Picture this for a moment: you’re a tired, overworked, underpaid and under appreciated door-to-door VCR salesman in 2018. You’ve been in the business for forty years and when you started out things were great. VCRs were flying off the shelves and you couldn’t process orders fast enough. But over the past 15-20 years, business has struggled. No one seems to be wanting to buy VCRs anymore. So you’re angry, you’re frustrated, and if you’re completely honest, you’re a little bitter. You longingly look back to the good old days when people valued VCRs like they should, and you shake your fist at this new generation who doesn’t seem to appreciate a good old fashioned VCR.
Okay, back to reality. Are you at any point feeling sorry for this salesman? Any sympathy? Probably not. Why? Because what in the world is he doing trying to sell VCRs door-to-door in 2018? Culture has changed. People don’t like strangers knocking on their doors unexpectedly. Think back to the last time a stranger knocked on your door and interrupted dinner with your family. How excited were you? And even if you were excited, why in the world would you buy a VCR? We’ve most past that as a culture. We’ve even moved past DVD players and to some extent Blu-Rays. Everything is online.
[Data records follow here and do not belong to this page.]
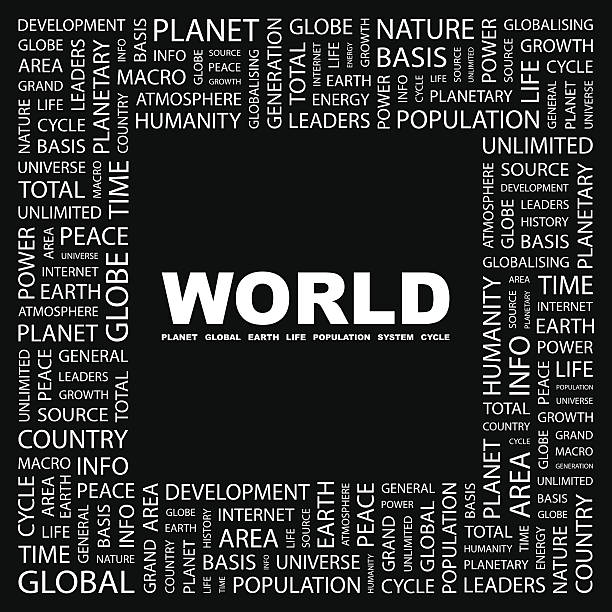 World Wordcloud Word Cloud International Trade Illustrations, Royalty-Free Vector ...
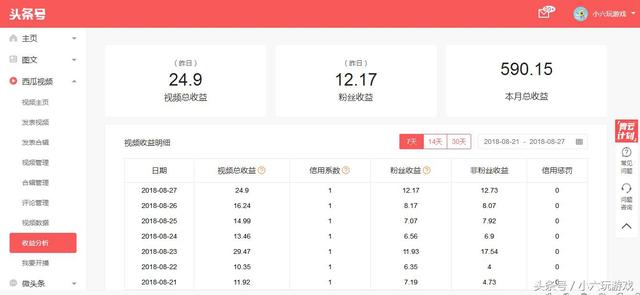打工小伙坚持做自媒体一年，收入一万多，每月头条收益够房租开销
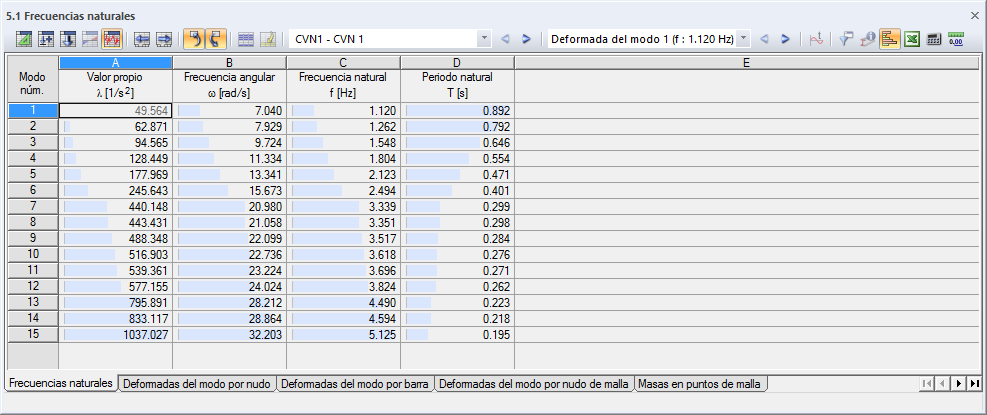 Tabelle "Eigenfrequenzen"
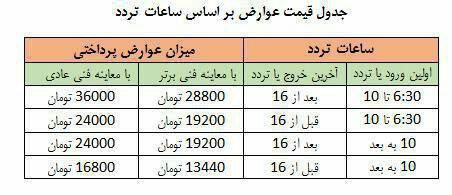 جدول قیمت عوارض طرح جدید ترافیک در سال 97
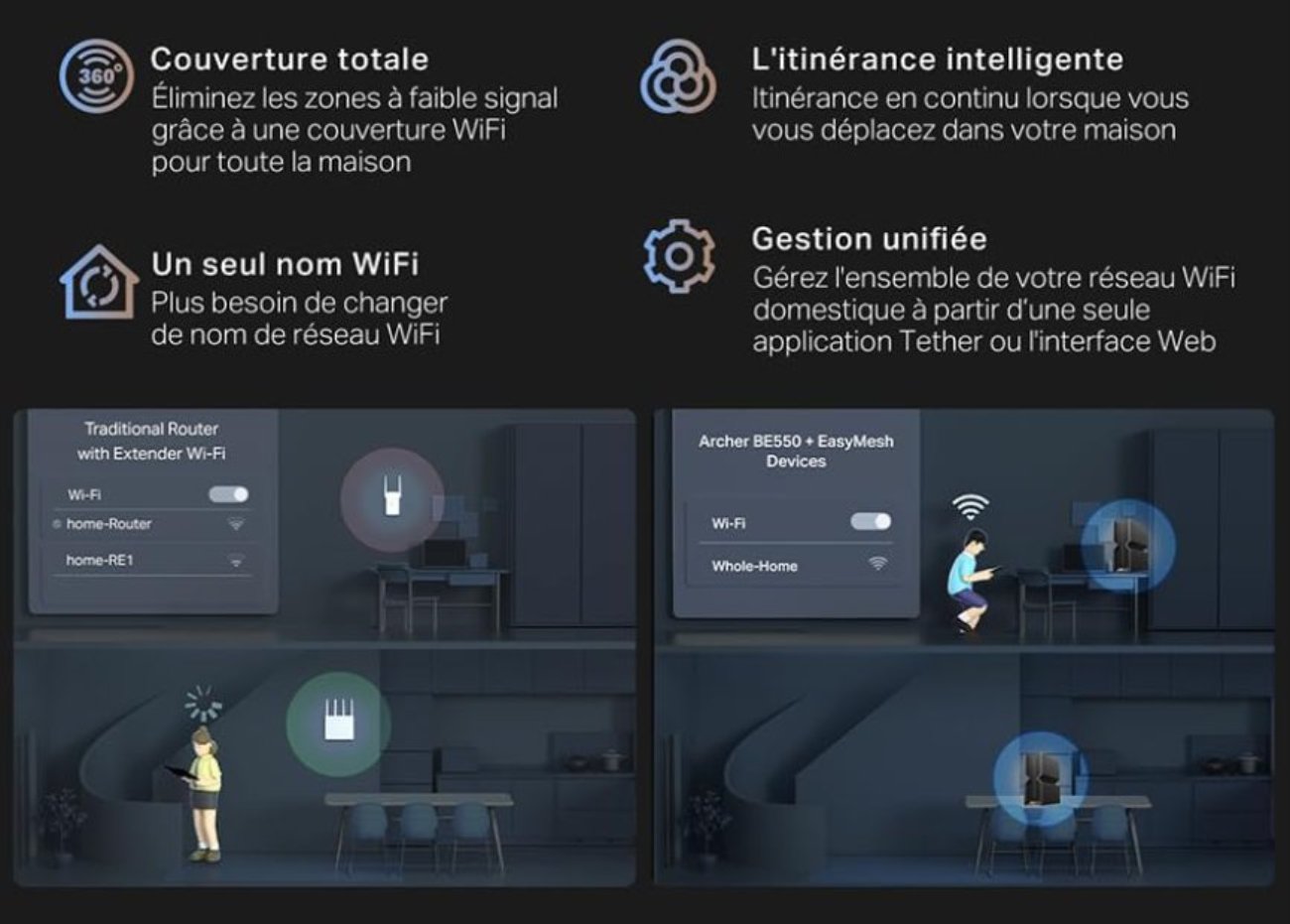 Schéma illustrant la technologie EasyMesh du TP-Link Archer BE550 avec couverture Wi-Fi complète, itinérance intelligente et réseau unifié dans toute la maison.
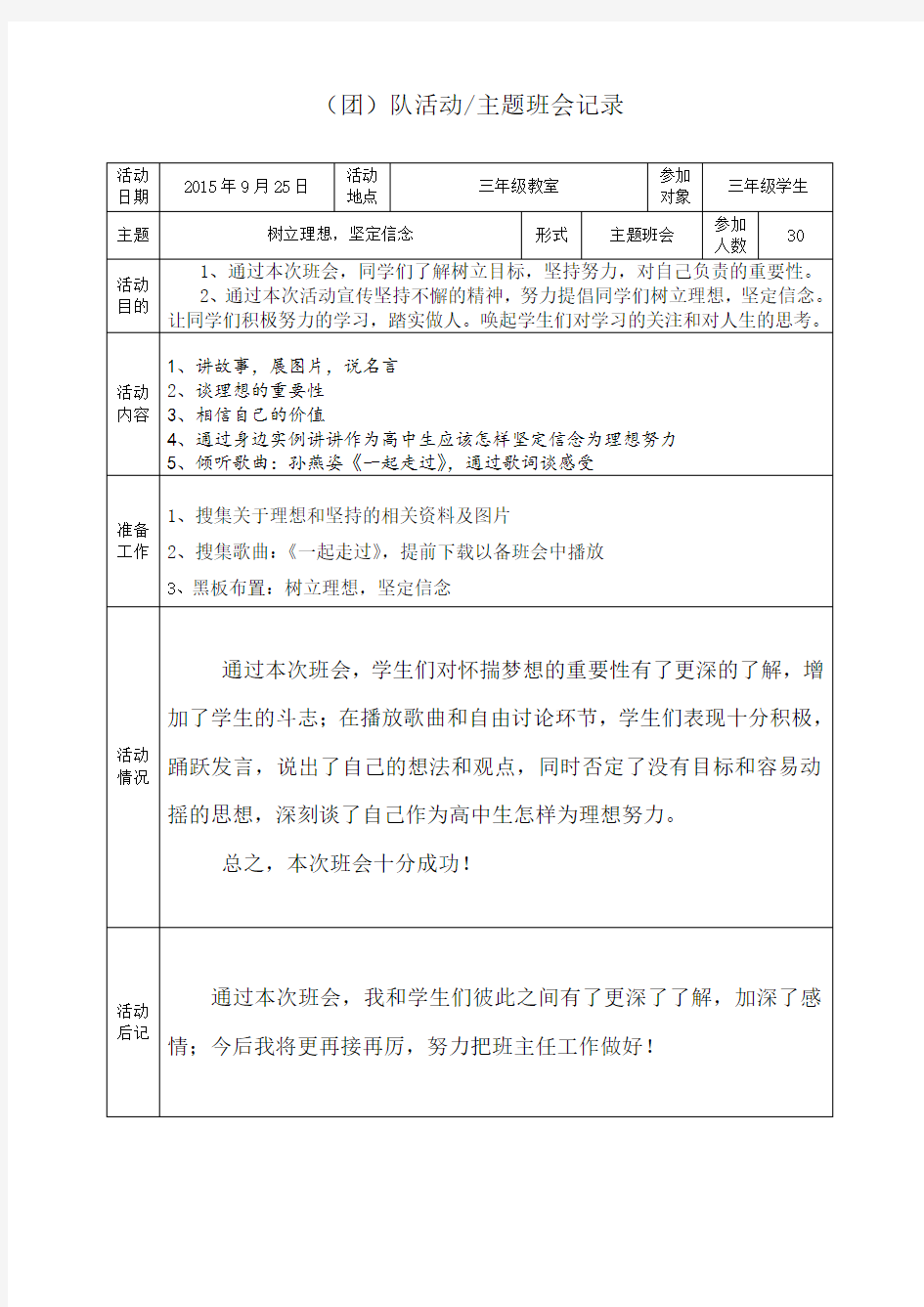 团队活动主题班会记录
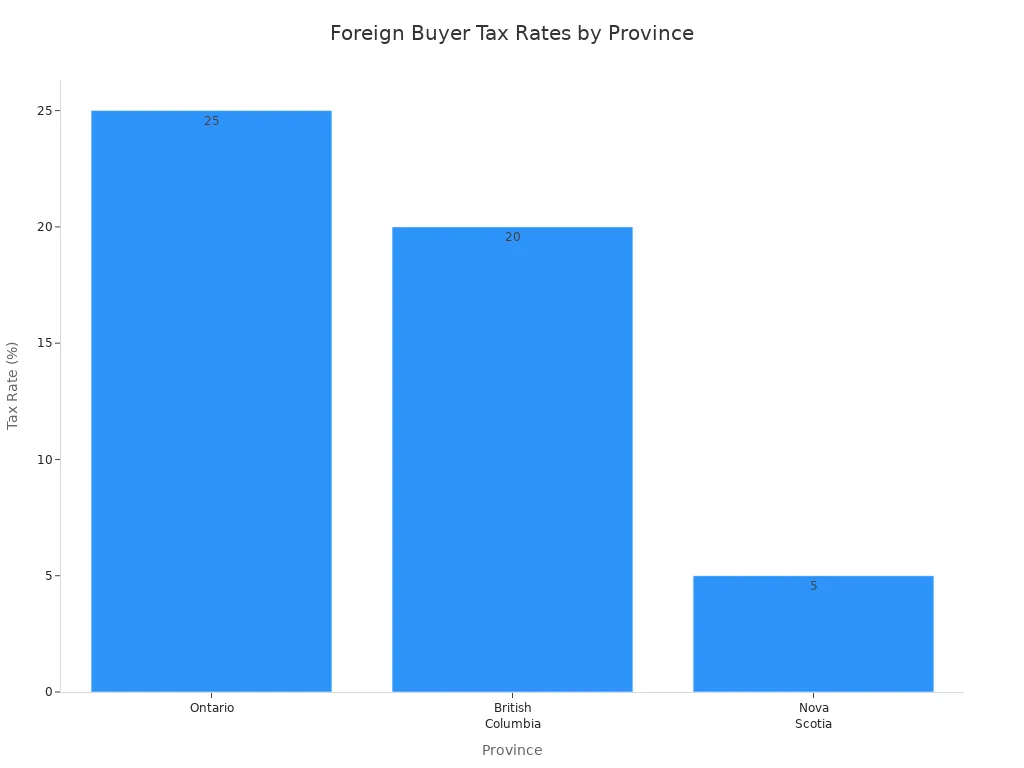Bar chart comparing foreign buyer tax rates in Ontario, British Columbia, and Nova Scotia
You don’t need a VCR when you have Netflix. Culture has changed. The frustrated VCR salesman can be as angry as he wants to be, but he’s going to be waiting a long time if he’s waiting for America to go back to the good old days of VCRs.
That illustration in a nutshell sums up the driving force behind this blog New Wineskins. I grew up in churches that longingly looked back to the good old days of church in the 1950s. I had church members shake their fists at the younger generation who had the audacity to want drums, guitars and contemporary music in church. Why couldn’t they just appreciate the piano and organ? Why couldn’t they be satisfied with the Baptist hymnal? For the same reason your grandkids will never grow up using a VCR, even if you cherished yours growing up. Times change. Culture changes.
Now let’s be clear: the message of Jesus never changes, but how we do church should always be malleable to best reach the culture we’re currently living in. We need to change the way we design our church buildings. We need to change the way we preach. We need to change how we dress and how we talk at church. We need to update our music and get our hands dirty in the community. If churches today continue to operate like VCRs in a Netflix world, we’ll continue to suffer the declines plaguing our denominations.
Our mission (Matthew 28:18-20) isn’t to enshrine a particular style of how to do church. Our mission is to reach people. Don’t let your church be the frustrated door-to-door VCR salesman. Help usher your church into the 21st century. There’s an entire world up here waiting to be saved.